On an 1872 map of Pittsburgh Neville Street, now a dead end, extends from Oakland through the then-neighborhood of Millwood before spilling into Lawrenceville. It cuts a swathe identical to the first stretch of Kramer’s proposed Neville Trail.
Beginning at Centre Avenue in North Oakland the trail drops into the steep, undeveloped hillsides west of Melwood Avenue before picking up the curve of the busway. Passing under the Bloomfield Bridge the trail swings toward downtown, flowing into N. Ruthven Street before connecting to the Herron Avenue Bridge.
Numerous studies indicate that trails can help drive economic viability and economic improvement; Kramer says Neville Trail would be no different.
“I think there could be a really nice ‘trickle up’ effect from the development of resources or amenities at the top and bottom of this trail,” she says, adding that the proposed termination point at Herron Avenue is a major transit hub surrounded by vacant properties. “They’re ready for their next generation of life.”
Though Neville Trail begins in District 8 the majority of the route would reside in Councilwoman Deb Gross’ District 7, which Gross notes is home to almost half of Bike Pittsburgh’s membership. Gross says the trail appealed to her as a means of making inter-community navigation easier.
“I have high density neighborhoods in my district and people are looking for alternate ways to travel.
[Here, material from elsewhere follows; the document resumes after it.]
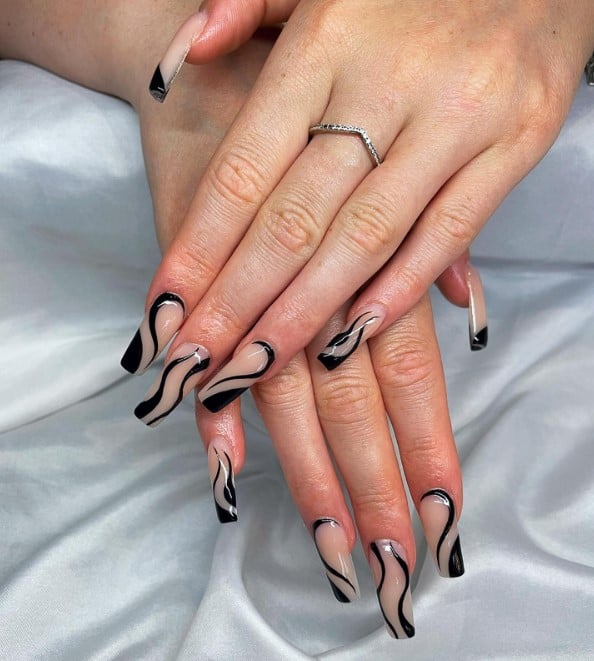 A woman's coffin fingernails with a nude nail polish base that has black swirls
This would serve people from that whole plateau of the East End to get to Downtown and the Strip District.”
Jason Vrabel, adjunct professor in Chatham’s landscape architecture school and Kramer’s advisor, says Bike Pittsburgh has done a great job of connecting those neighborhoods via an on-street route.
“But it requires a bit of grit,” he says. “When you start to imagine a leisurely 10-minute ride and then just kind of popping out in the Strip District, it’s a really compelling idea for a lot of people who aren’t maybe up for [riding in traffic].”
Vrabel adds that the trail would complement ongoing multimodal infrastructure projects.
“There’s a lot of tension around the stuff happening on the streets, the stuff that appears to be taking away from motorists to reallocate towards cycling, and this project doesn’t do that.”
The hillsides above the busway are rare stretches of undeveloped space, and a trail there would plunge people walking home with groceries or cyclists out for a spin into a pastoral setting says Kramer, thereby providing a welcome respite from the urban whirlwind.
Gross included the Neville Trail in her 2015 capital budget requests, asking for $50,000 to commission a feasibility study. The study would identify the project’s challenges and estimate costs of building it. As the budget moves through the approval process, Gross expects pushback on the requested allocation.
“We have lots of really important projects and places in our city infrastructure that haven’t seen the amount of resources they’ve needed for a long time,” she says. “But yet it’s also important to move forward with new projects.”
Kramer, who worked with a wide array of community groups in developing the proposal, says she hopes the budget request survives.
“I would love to see it go to the next stage, especially as a Pittsburgher who really feels pride and wants to see the city try new things and become a little better every day.”